Dear Jakey,
Your momma has a new show she is obsessed with. NY INK. And I am a little obsessed with Ami James. I somehow missed the boat the first time around with Miami Ink but I am now 100% in. And I just watched the premiere episode which I found on On Demand because I caught up most of the season in Lake George on Saturday. Anyways, there was a woman who got a tattoo of her baby who had died a few hours she was born. She had the tiniest footprints and had her name and date on it. It reminded me of both you and Nola. Tommy, the tattoo guy, was talking with the woman and he said how she was trying so hard to be positive and he asked her if he thought that she (her name was Noel) died in order for her (future) brother and sisters to live. It reminded me of today and how I sometimes wonder if you died to give Ethan a better, easier life. In a way I think you did but the truth is nothing comes for free – and the easier life he might have in some ways, is actually much harder. But it seemed somehow important.
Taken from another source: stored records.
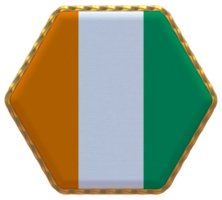 Ivory Coast Flag in Hexagon Shape with Gold Border, Bump Texture, 3D Rendering png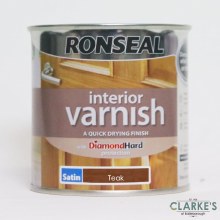 Ronseal Diamond Hard Interior  Varnish Satin Teak 250 ml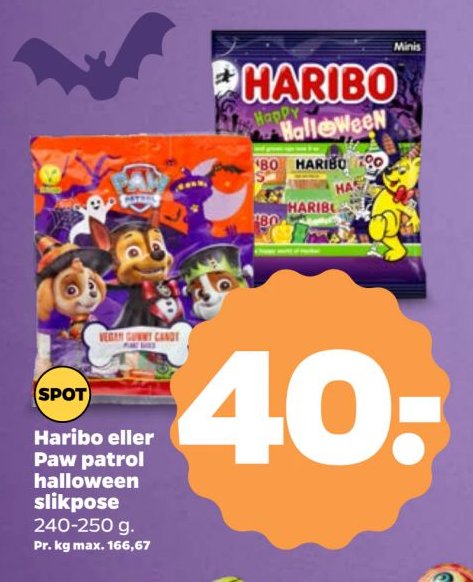 Haribo eller Paw patrol halloween slikpose 240-250 g. – Netto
And the date of Noel’s birth and death was March 17, 2010 – a year before Jake’s Help From Heaven became an official non-profit foundation.
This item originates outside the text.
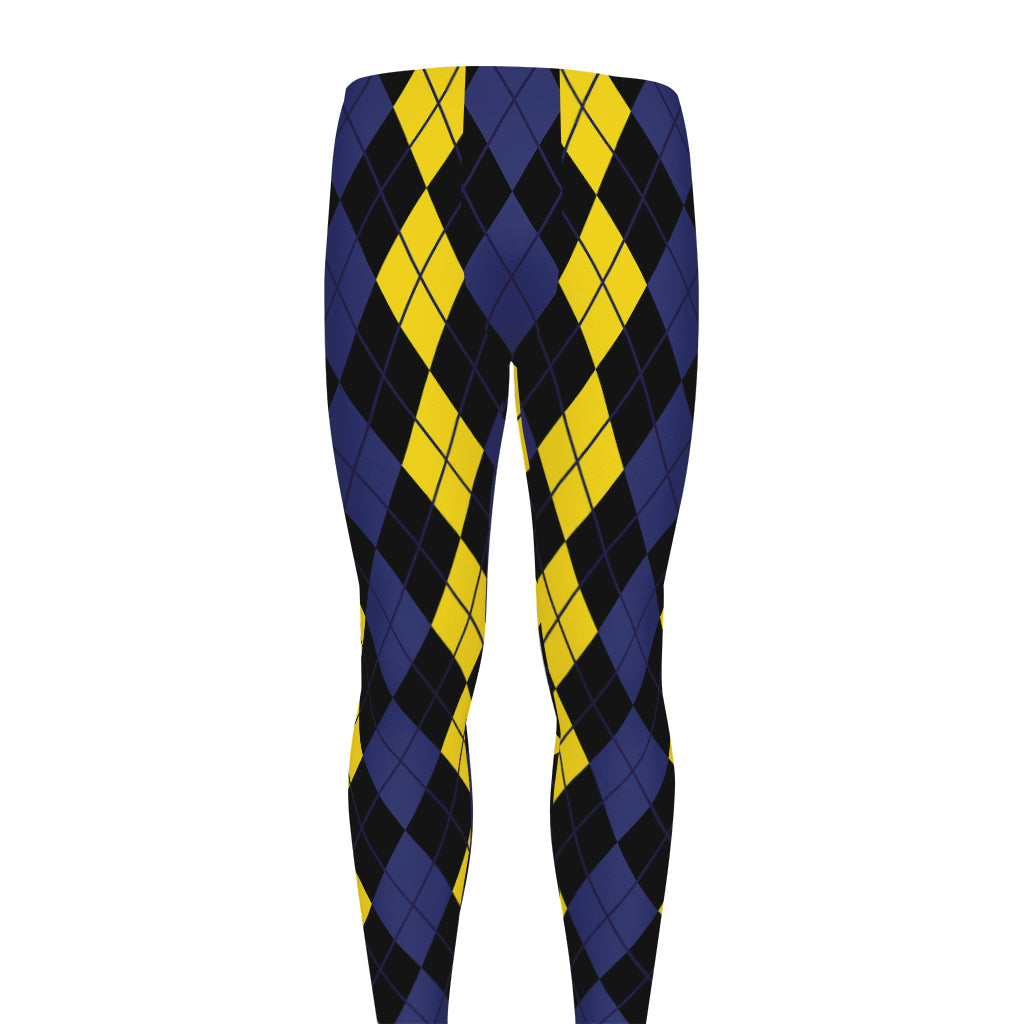 Yellow Black And Blue Argyle Print Men's leggings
Today, Ethan and I went to Eastside Rec and played tennis. It was another one of those moments where I am trying pretty hard to make sure that I do things that would have been impossible for us to do last summer. I am trying to makes sure that the lessons you taught me about life I not only follow but live by. I am trying. This morning Kate wrote a comment about my last letter. She was remembering last summer when she was here a lot and we had to divide and conquer. Sometimes she stayed with you or picked you up from school and other times she was on Ethan duty. And then sometimes she had you both. Never an easy combination – the two of you. And to a degree you still aren’t – Ethan told me tonight that you told him that you wanted to make sure he got two more Pokemon cards to fit in his binder. He talks about you all the time and talks to you all the time. And still tries to make it two against one.
Miss you little buddy – so very much.